US bourses ended the session in the red. Stocks had opened to the upside but reversed course, along with the Greenback, after news broke that Rex Tillerson had been replaced as the Secretary of State by former FBI Director Mike Pompeo. We later learned that the Under Secretary of State Steve Goldstein is being fired for contradicting the account of Rex Tillerson’s dismissal. In later remarks, Tillerson said the campaign of maximum pressure against North Korea has succeeded beyond expectations, adding he has achieved cease-fires in Syria that prevented loss of life but much more needs to be done. Tillerson stated there is much work to do to establish a clear relationship with China, adding if Russia continues on its current path it will become increasingly isolated. In fixed, Treasuries closed higher after a fairly dull US CPI report – headline CPI was in line at +2.2% YoY, as was the core rate at +1.8%. There was also minimal reaction to the US $13.0 Bln 30-year bond sale that stopped through 0.5 basis points to 3.109%. Elsewhere, the Loonie was the laggard among the G10’s after relatively dovish remarks from Bank of Canada Governor Poloz who said Canada may be able to achieve “more economic growth without . . . generating higher inflation”. In energy space, US crude futures settled at $60.71 (-$0.65). Oil prices made slight gains in post-settlement trade after private inventory data showed a smaller than expected build in crude inventories and draw in distillates. In other news, the draft G20 communique said one risk to outlook on the global economy is a retreat to inward looking policies.
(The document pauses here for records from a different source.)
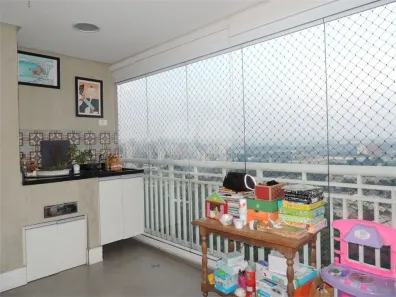 Apartamento com 3 Quartos à venda, 96m² no Várzea da Barra Funda, São Paulo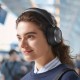 Slušalke Anker Soundcore Space One Pro, bele, A3062G21
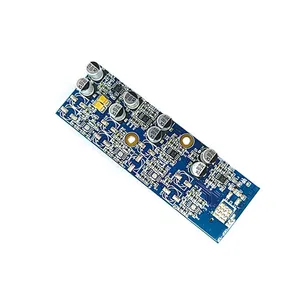 Carte Pcb de puissance OEM de Shenzhen Smt Pcba pour haut-parleur Pcb avec fichiers Gerber BOM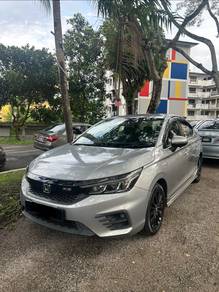 Honda City S in Wangsa Maju, KUL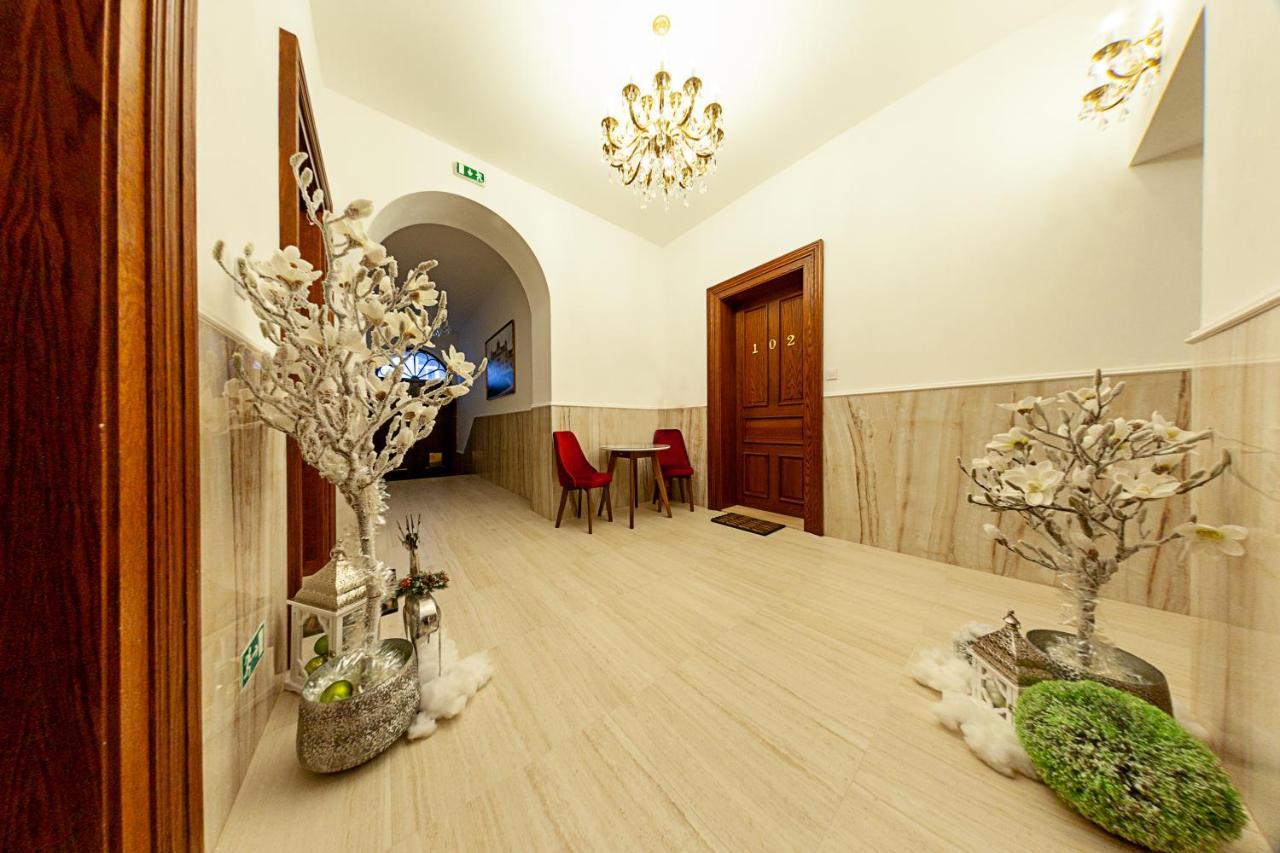 Gold Residence Mariánské Lázně المظهر الخارجي الصورة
Following the US close, a US Senior Administration Official says in the very near future, new tariffs on China are expected, adding tariffs aimed at tech and IP, could cover more than 100 products but the final number is unknown. Meanwhile, a source who has discussed the matter with the White House cites that the Trump administration is looking to impose tariffs on $60 Bln of goods from China.
Ahead of the Asian open, RBA Assistant Governor Kent said indeed, accommodative monetary policies have encouraged greater risk-taking by both lenders and borrowers, adding this is one of the important ways in which the monetary transmission mechanism works. In the Q&A that followed, he said there is no reason why moves from the RBA have to be in 25bp increments, adding current good economic growth raises the risk of a pickup in pressures on the CPI. Lastly, markets could be under-pricing risk of faster global growth. Data wise, New Zealand’s BoP current account balance logged a larger than expected deficit of NZ$2.77 Bln (f/c -NZ$2.45 Bln) in Q4, while Australia’s Westpac consumer confidence rose 0.2% m/m in March.
Looking ahead, we get China’s industrial production, retail sales and fixed asset investment. We also get Japanese core machine orders. Also of note, we get the BoJ January meeting minutes.